Jadi, bisa disimpulkan bahwa veneer tidak menyebabkan kerusakan gigi secara langsung. Gigi tetap sehat selama pemasangan dilakukan dengan benar dan kebersihan mulut dijaga dengan baik.
Itu dia beberapa efek samping veneer gigi yang perlu kamu ketahui. Agar terhindar dari efek samping veneer gigi, pastikan kamu memilih dokter gigi yang berpengalaman dan melakukan prosedur sesuai standar. Selain itu, jangan lupa selalu jaga kebersihan mulutmu, ya!
FAQ seputar efek samping veneer gigi
| Apakah veneer gigi bisa menyebabkan gigi sensitif? | Ya, beberapa orang mengalami sensitivitas terhadap panas atau dingin setelah pemasangan veneer. |
| Apakah veneer bisa merusak gigi asli? | Tidak langsung merusak, tetapi proses pemasangannya bersifat permanen karena enamel gigi harus dikikis sehingga gigi tidak bisa kembali seperti semula. |
| Bisakah veneer lepas atau retak? | Bisa.

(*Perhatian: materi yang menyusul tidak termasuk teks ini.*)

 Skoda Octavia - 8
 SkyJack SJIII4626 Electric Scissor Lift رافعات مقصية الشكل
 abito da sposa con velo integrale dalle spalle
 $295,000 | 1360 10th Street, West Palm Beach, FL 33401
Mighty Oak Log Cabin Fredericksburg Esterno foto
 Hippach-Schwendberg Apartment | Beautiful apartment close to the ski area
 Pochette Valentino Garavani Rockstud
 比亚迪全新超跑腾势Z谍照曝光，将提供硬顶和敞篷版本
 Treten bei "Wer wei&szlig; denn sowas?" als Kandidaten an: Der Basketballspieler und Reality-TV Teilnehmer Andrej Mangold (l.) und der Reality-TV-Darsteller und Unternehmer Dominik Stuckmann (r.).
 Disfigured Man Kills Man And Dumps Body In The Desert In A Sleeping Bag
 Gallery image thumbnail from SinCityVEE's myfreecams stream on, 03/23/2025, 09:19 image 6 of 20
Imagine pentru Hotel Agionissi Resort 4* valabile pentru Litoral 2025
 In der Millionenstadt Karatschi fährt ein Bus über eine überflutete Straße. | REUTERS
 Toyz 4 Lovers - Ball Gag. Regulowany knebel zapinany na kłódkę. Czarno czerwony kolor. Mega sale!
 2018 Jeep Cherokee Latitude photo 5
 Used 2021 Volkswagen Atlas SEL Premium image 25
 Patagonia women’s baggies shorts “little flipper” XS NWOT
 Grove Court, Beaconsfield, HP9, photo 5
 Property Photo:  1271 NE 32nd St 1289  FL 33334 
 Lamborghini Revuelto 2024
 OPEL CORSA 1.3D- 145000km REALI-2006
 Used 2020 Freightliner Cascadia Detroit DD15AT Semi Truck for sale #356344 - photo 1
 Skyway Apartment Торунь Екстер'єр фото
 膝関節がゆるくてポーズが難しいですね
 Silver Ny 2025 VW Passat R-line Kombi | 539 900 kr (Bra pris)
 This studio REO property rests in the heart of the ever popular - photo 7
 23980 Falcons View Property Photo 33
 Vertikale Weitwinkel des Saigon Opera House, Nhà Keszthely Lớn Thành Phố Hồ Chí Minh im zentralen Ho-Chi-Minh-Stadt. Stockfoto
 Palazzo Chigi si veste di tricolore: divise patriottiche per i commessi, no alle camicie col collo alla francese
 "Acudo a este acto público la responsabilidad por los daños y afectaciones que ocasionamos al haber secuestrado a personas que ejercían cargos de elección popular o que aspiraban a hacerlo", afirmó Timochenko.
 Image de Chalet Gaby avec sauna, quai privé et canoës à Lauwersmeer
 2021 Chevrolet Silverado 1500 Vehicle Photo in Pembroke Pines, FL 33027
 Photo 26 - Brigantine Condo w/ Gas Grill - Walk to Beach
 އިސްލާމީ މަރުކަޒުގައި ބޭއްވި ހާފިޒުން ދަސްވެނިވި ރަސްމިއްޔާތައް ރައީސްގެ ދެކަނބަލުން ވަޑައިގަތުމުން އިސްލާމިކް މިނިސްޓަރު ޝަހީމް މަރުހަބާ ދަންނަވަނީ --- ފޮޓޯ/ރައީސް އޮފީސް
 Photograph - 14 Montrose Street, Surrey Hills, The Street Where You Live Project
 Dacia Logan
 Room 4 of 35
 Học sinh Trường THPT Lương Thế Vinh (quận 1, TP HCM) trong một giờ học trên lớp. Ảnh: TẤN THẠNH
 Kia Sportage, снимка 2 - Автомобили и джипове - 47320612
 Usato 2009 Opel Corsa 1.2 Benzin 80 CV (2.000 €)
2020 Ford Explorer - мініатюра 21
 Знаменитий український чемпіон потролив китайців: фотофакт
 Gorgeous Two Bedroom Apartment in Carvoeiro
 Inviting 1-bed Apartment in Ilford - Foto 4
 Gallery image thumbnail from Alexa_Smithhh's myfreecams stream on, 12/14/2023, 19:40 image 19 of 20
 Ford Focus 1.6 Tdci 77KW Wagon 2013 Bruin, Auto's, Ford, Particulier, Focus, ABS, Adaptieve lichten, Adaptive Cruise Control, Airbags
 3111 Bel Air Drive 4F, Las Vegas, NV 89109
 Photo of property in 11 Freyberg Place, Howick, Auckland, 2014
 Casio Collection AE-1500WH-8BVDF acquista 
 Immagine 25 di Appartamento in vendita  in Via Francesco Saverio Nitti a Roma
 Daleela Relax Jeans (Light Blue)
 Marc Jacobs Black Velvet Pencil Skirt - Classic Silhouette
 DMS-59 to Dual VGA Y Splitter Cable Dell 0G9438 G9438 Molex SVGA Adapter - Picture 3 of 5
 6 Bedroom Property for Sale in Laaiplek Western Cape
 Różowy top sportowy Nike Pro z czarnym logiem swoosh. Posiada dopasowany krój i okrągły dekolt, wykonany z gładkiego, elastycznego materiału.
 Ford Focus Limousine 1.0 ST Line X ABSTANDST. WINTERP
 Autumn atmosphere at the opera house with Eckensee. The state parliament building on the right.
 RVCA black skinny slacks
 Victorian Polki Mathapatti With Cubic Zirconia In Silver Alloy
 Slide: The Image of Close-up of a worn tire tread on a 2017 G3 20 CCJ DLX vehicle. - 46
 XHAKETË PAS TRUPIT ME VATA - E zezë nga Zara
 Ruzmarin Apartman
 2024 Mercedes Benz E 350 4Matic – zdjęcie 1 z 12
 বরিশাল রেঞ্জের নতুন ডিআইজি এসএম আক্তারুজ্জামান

Veneer dapat retak atau lepas jika terkena tekanan berlebih. Misalnya saat menggigit benda keras atau kebiasaan menggertakkan gigi. |
Referensi:
"The Potential Risks of Porcelain Veneers". Madison Dental Care. Diakses pada Maret 2026.
"Do Teeth Go Bad Under Veneers?". Melissa Dental & Orthodontics. Diakses pada Maret 2026.
"5 Side Effects of Dental Veneer". MYRA Dental Clinic. Diakses pada Maret 2026.
"5 Possible Side Effect of Veneer Treatment". Valley Dentist of Belchertown. Diakses pada Maret 2026.